* _INPUT_
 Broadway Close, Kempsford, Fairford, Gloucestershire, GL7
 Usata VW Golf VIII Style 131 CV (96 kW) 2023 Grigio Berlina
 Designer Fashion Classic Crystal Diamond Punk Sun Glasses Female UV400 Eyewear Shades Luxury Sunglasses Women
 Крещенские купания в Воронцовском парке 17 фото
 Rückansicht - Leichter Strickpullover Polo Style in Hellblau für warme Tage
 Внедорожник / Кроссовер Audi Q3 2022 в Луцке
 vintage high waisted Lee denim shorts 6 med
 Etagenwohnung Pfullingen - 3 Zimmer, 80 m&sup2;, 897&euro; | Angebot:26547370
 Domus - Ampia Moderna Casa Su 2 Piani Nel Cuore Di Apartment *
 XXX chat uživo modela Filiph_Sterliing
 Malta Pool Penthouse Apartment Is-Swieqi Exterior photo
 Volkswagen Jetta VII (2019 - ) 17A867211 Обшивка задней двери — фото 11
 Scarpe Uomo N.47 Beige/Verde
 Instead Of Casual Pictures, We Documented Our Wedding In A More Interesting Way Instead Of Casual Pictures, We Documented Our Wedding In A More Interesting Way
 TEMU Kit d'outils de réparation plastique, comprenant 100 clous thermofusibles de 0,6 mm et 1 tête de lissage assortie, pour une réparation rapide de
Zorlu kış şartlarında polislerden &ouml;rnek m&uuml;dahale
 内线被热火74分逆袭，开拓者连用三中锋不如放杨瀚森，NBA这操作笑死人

* _AIM OF THE TASK_
Please list every line of the records that contains "фото".

* _COMPLETED TASK_
 Крещенские купания в Воронцовском парке 17 фото
 Volkswagen Jetta VII (2019 - ) 17A867211 Обшивка задней двери — фото 11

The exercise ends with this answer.